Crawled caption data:
....

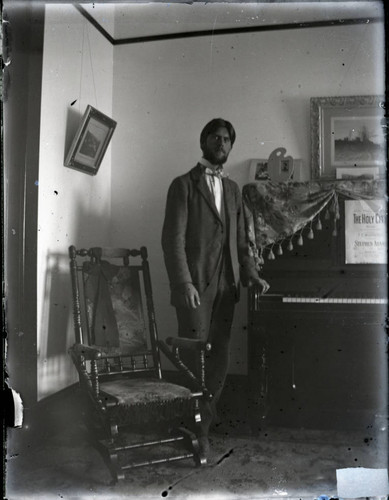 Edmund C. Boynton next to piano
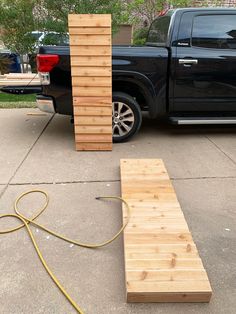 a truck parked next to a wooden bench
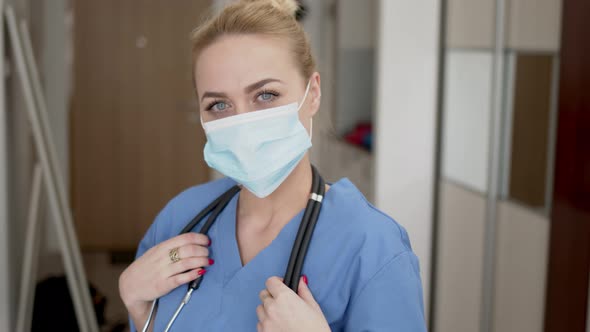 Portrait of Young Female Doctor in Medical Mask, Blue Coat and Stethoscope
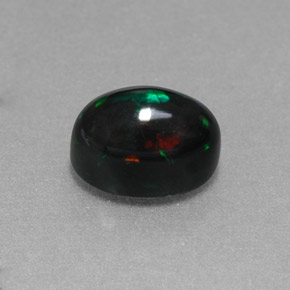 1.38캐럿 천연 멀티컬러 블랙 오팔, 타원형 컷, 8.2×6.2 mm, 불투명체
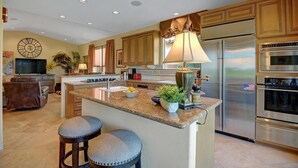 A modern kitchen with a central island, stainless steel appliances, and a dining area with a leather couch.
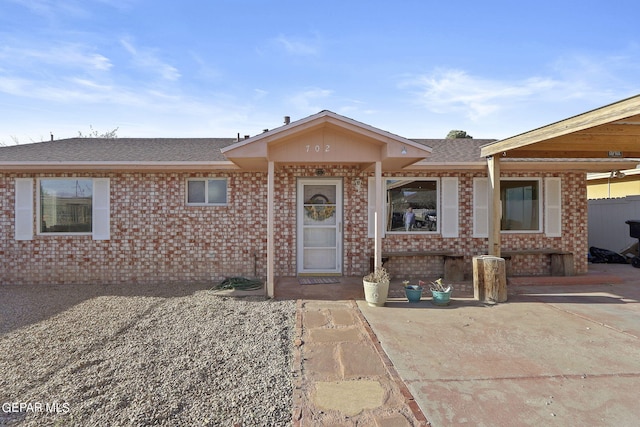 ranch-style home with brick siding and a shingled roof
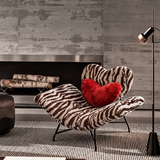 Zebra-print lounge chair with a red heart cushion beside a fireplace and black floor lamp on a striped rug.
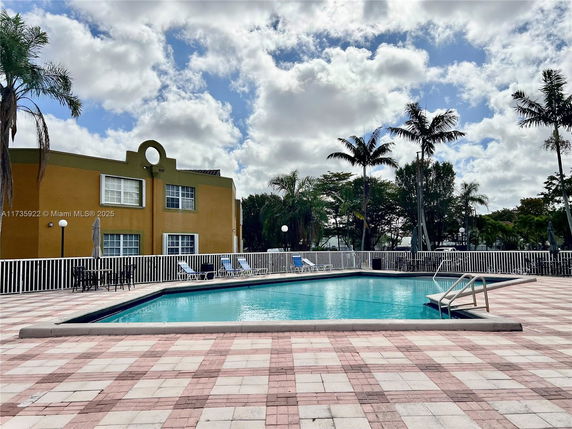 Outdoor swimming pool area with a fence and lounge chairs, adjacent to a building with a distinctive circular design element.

....

What you need to do: Would you restate, exactly and with no pictures, the lines of the entries above from the one containing "1.38캐럿 천연 멀티컬러" through the one containing "Zebra-print lounge chair"?

Answer to this problem:
 1.38캐럿 천연 멀티컬러 블랙 오팔, 타원형 컷, 8.2×6.2 mm, 불투명체
 A modern kitchen with a central island, stainless steel appliances, and a dining area with a leather couch.
 ranch-style home with brick siding and a shingled roof
 Zebra-print lounge chair with a red heart cushion beside a fireplace and black floor lamp on a striped rug.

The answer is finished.